Userspace cwd and userspace path canonicalization

Redox used to expose two system calls, chdir and getcwd, also a TODO from last post, which get and set the current working directory (identical to POSIX). This would modify an internal cwd string in each kernel context, used for canonicalizing paths while handing path-based syscalls (open, chmod (now removed in favor of fchmod), unlink, and rmdir), allowing e.g. open("./foo", O_RDONLY) => open("file:/path/to/foo", O_RDONLY). Now that userspace_cwd is merged however, the kernel will only allow already-canonicalized paths, i.e. enforce that both the scheme name and path are present. Hence, relibc will instead canonicalize the paths itself, and chdir/getcwd are implemented simply by accessing a global variable (although sigprocmask is run before and after). This global variable is passed in execve using auxiliary vectors.

But most importantly, the SYS_OPEN handler in the kernel, no longer resolves cross-scheme symlinks (i.e. handles EXDEV internally), which has also been moved to relibc. While also reducing the number of file operations initiated from the kernel, it reduces the amount of state needed for syscall handlers, which will be very helpful for a possible syscall multiplexing API (userspace-to-kernel io_uring).

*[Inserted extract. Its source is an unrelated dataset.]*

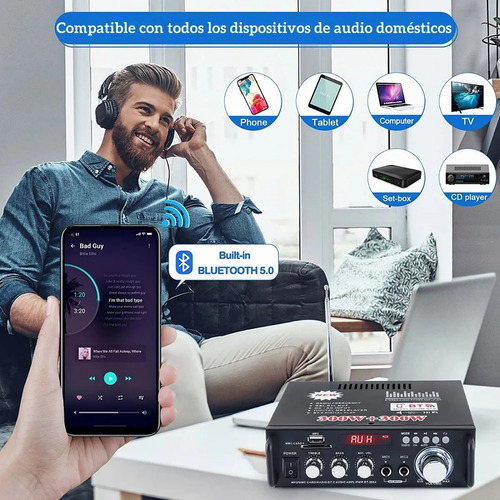 Amplificador De Audio Bluetooth Carro/hogar 2 Canales 600w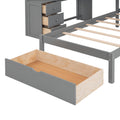 Full Over Twin Bunk Bed With Desk, Drawers And Shelves, Gray Gray Solid Wood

Hopefully at some point, most if not all syscalls on Redox will be fully completion-based, i.e. the caller sends a request, waits (if blocking), and then asynchronously runs completion code (either returning from a blocking syscall, or in the future pushing an io_uring CQE). In the process, the kernel may become “stackless”, i.e. use the same kernel stack for all processes, and thereby reduce the memory footprint of contexts (threads) by an order of magnitude.

TODO

Luckily, the userspace initfs TODO, and fixing the orbital/orblogin bug, have both been finished!

On-demand paging is still not yet implemented, even though I have written a large part of it. This would allow optimizing ld.so and relibc’s execve, by calling mmap with CoW in order to load ELF segments, which is especially important when running rustc on Redox.

The syscall interface has also not been reworked either, but there is a clear need for overcoming the limitations of Packet (such as being limited to 4 args per scheme op), so the io_uring SQE format will very likely be used by scheme handlers soon, with or without using fancy ring buffers for passing them.

PTRACE_EVENT_CLONE is now sent to tracers, although some work is still needed there, and the acid ptrace test should be re-introduced (this was an issue before userspace_fexec too).

I also tried implementing (basic) KASLR as a side project, and succeeded, although with a visible performance cost (not sure why). It would also be interesting to implement regular userspace ASLR in the relibc fexec handler and possibly ld.so.